Re: Creating an index-type for LIKE '%value%'

From: Martijn van Oosterhout <kleptog(at)svana(dot)org>
To: CG <cgg007(at)yahoo(dot)com>
Cc: pgsql-general(at)postgresql(dot)org
Subject: Re: Creating an index-type for LIKE '%value%'
Date: 2005-02-07 18:07:15
Message-ID: 20050207180710.GE20493@svana.org
Views: Raw Message | Whole Thread | Download mbox | Resend email
Thread:
Lists: pgsql-general

On Mon, Feb 07, 2005 at 09:28:24AM -0800, CG wrote:
> As I was exploring ways to optimize my application's use of the database, which
> has to run the horrid "SELECT * FROM table WHERE field LIKE '%value%';" in
> places, I thought this solution could be built upon to allow for an easier
> deployment.

<snip>

> AFAICT, the "right" way to do this would be to create an index type which would
> take care of splitting the varchar field, and to have the query planner use the
> index in a SELECT when a "LIKE '%value%'" is used in the WHERE clause.
>
> Tsearch2 is fantastic, but it works best for fields that contain words. I have
> to sift through alphanumeric identification numbers.

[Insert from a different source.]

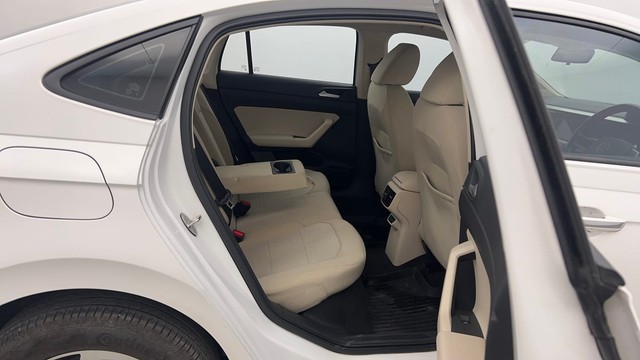 Second-hand 2023 Volkswagen Virtus Highline AT for sale in Chandigarh-29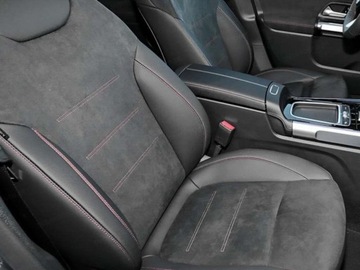 Mercedes GLB SUV 1.3 200 163KM 2025 MERCEDES-BENZ GLB 200 AMG Line Suv 1.3 (163KM) 2025, zdjęcie 3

Seems to me to depends quite a bit or your problem domain. How big are
the string's you're searching. If you're not searching on word
boundaries like tsearch, you'd need to split on every char. Say you
split on three character blocks. So the string "Hello World" would need
entries for:

"Hel", "ell", "llo", "lo ", "o W", " Wo", "Wor", "orl", "rld"

For N character strings you'd need N-2 entries. If you're storing
entire documents it's not practical. But if all your strings are maybe
15 characters long (maybe serial numbers), it might be practical.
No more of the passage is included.